Audio Formats and Voice Agents

Header

A little backstory

So for those of you who don’t know, I have been working as a Backend and AI engineer at Superdash for two weeks at the time I am writing this. And so far, I have worked on voice based AI agents and made them sound more natural. And, I’m sharing whatever I have scratched my head for. You can use this as a extra reading material while building anything related to voice based communication over the internet.

Let’s start with the transfers

Before we dig in the details, let’s see what are some ways to efficiently get your voice or text data from any external API, because unless you are running your own servers, you must be using some TTS provider to get you that sweet sweet voice. Now most commonly, you must have seen either of these ways to get the voice data you want.

REST API
WebSockets Streaming
gRPC

For the average Joe, it is either REST or WebSockets. To build a real time voice agents, you should already be using WebSockets. REST API should only be used if you want to save the voice data to a file, cause it has higher latency and your users wouldn’t like that. So websockets it is, cause it offers low latency, real time streaming and what not. If you are gRPC, you already know more than me what are you dealing with.

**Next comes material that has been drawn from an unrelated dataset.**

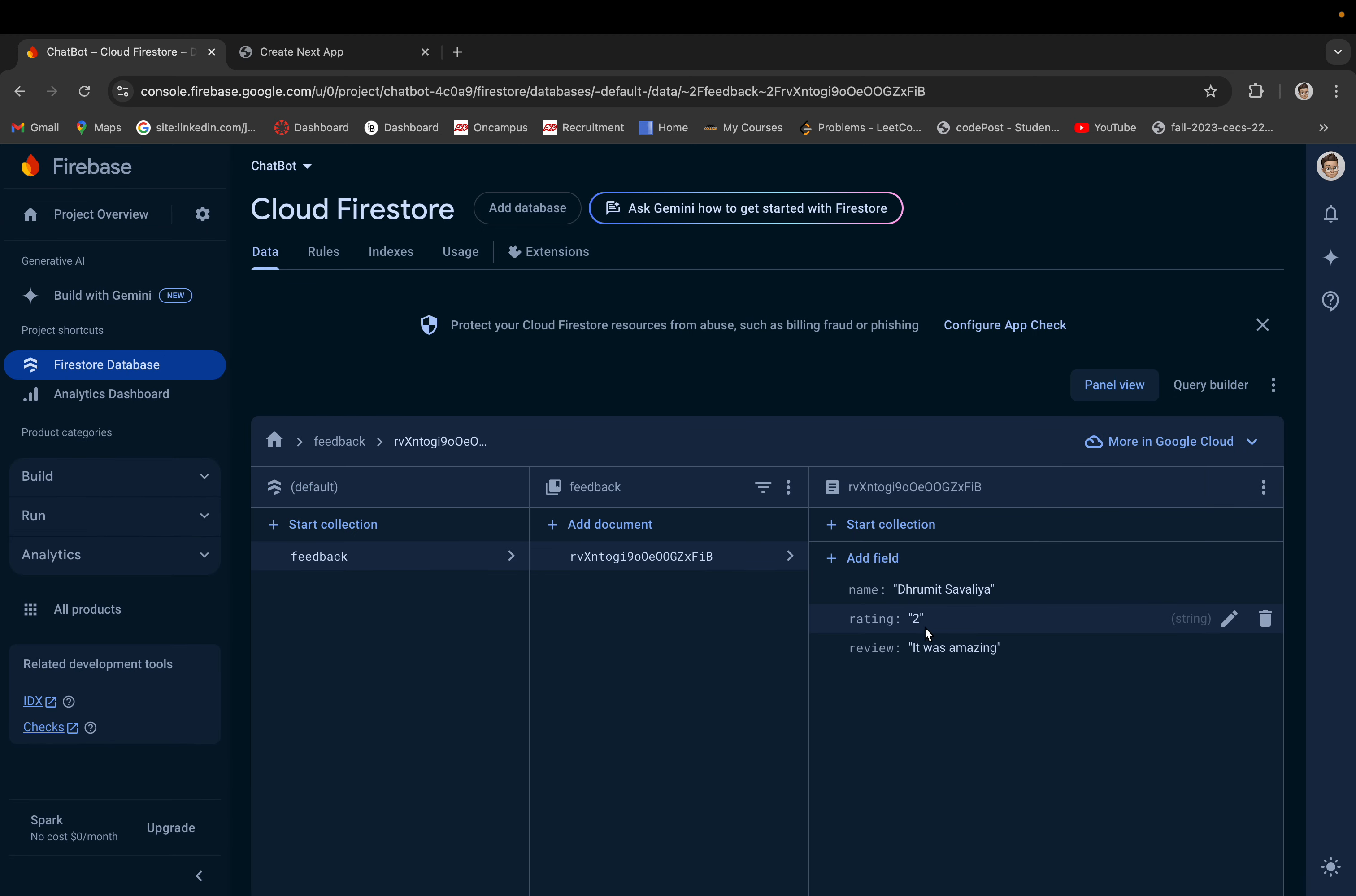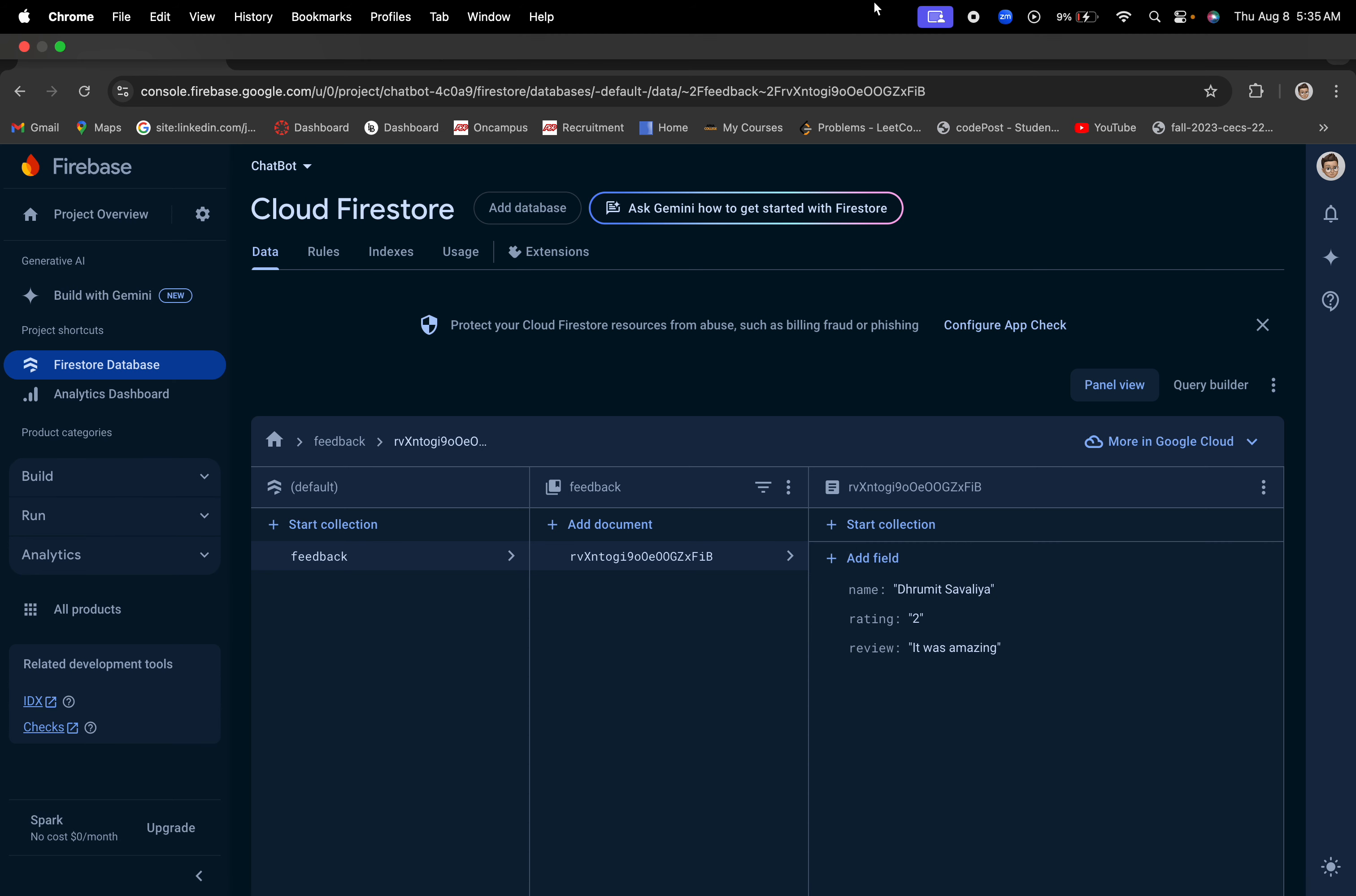Yes, that is it. It saved. So Trumit Savalya, 'It was amazing, thank you.'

So now we have to optimize our websockets to be as fast as it can be, while maintaining a balanced tradeoff with quality. Basically, the only thing affecting the performance is the bandwidth. How much data are we sending over the websockets makes a huge difference in the quality. Send more than what the users need, and you are wasting that precious bandwidth, send less, and the users cannot hear a single word. This is where we step into the world of compression and encoding of audio data.

The glorious land of formats and encodings

When you hear the word audio format, you might think of .mp3, .wav etc etc. But here is a important distinction. These are file extensions, and they represent how the data is packaged or structured. They provide standardized ways for your audio players to read the data and play it as intended. When dealing with AI agents, we mainly use PCM or u-law. So that is what I’ll be covering here.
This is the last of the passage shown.